Mom Inventor To Compete On “Homemade Millionaire”

You could say that Marcy McKenna was born into a home filled with inventors reports The Orange County Register. As a child, her home was filled with ideas. Over breakfast they would bounce ideas off each other, even joking with her mom that they must be “cereal inventors.”

We call ourselves cereal inventors because we go over our inventions over our bowls of cereal,” McKenna says, laughing, as she describes the conversations she and her mother Carolyn Skenderian had.

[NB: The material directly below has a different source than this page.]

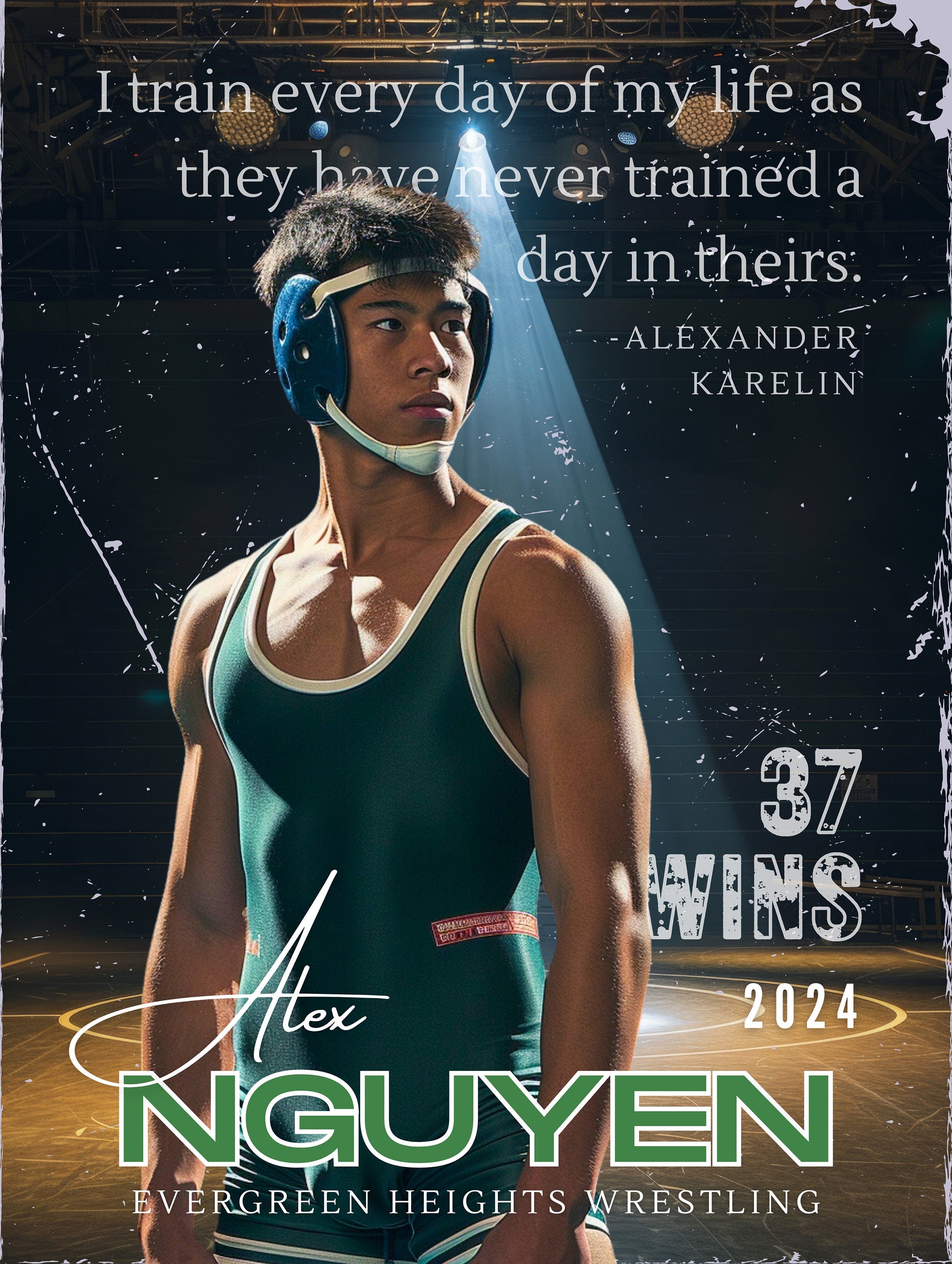 Vintage-Style Wrestling Poster Template | Editable in Canva | 2:3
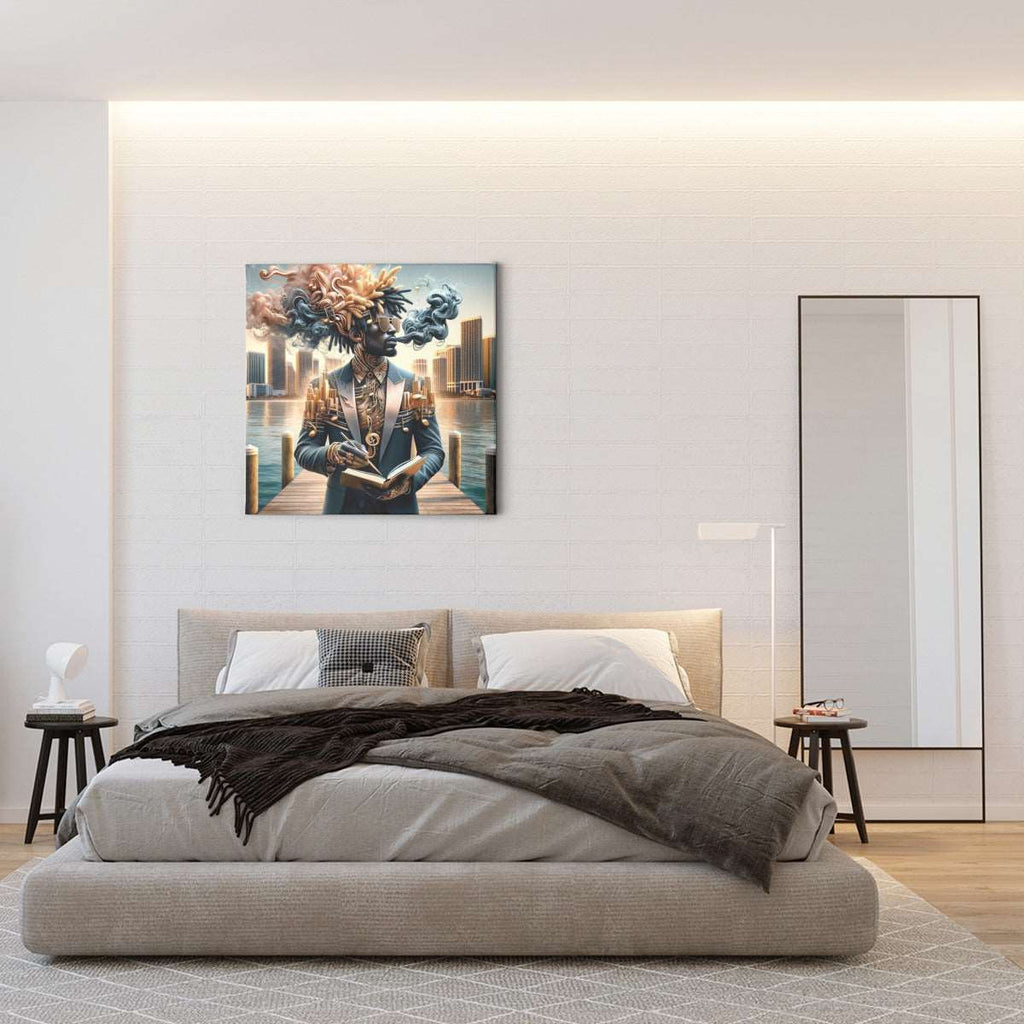 a bed sitting in a bedroom next to a window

But over the years, none of McKenna’s creations ever went anywhere beyond the binder where she kept the sketches and plans and patent searches, until one day in the summer of 2009, while poking around Google Patents, she spotted an ad for a new TV series that stopped her cold.

“One link led to another and Kelly (Ripa)’s face came up, and the ad said, ‘We’re looking for female inventors,” McKenna says. “It was a couple of hours before the whole (casting) process closed, and I thought, ‘Oh my God, I’ve missed the opportunity of my lifetime.”

Still, she had to try, and luck was with her: more than a year after that night at her computer, McKenna will appear in the premiere of “Homemade Millionaire” on TLC at 10 p.m. Friday, competing to win a contract for Home Shopping Network to sell one of her inventions.

McKenna calls her creation the Styling Station Hair Care Center, a product born out the frustration she and her mother felt every time they looked at the tangled mess of cords and hair-care appliances that cluttered their bathrooms.

“I thought they’ll probably just be a dream for me, but maybe someday I’ll pass them along to my children and they’ll make them and make money from them,” she says.

And then the TLC show came along, and suddenly she had her best shot yet. McKenna can’t say whether she or one of the other two women on the show won on Friday’s episode, but regardless of how she fared, the experience has moved her longtime dreams closer to reality.

“It changed everything for me,” she says. “It inspired me in ways that this process only could. I’m waking up at 4:30 a.m. in the morning so I can work on my company and my inventions before I have to get breakfast for my kids. And I really like that they’re seeing me follow my dream — that’s such an important thing for kids.”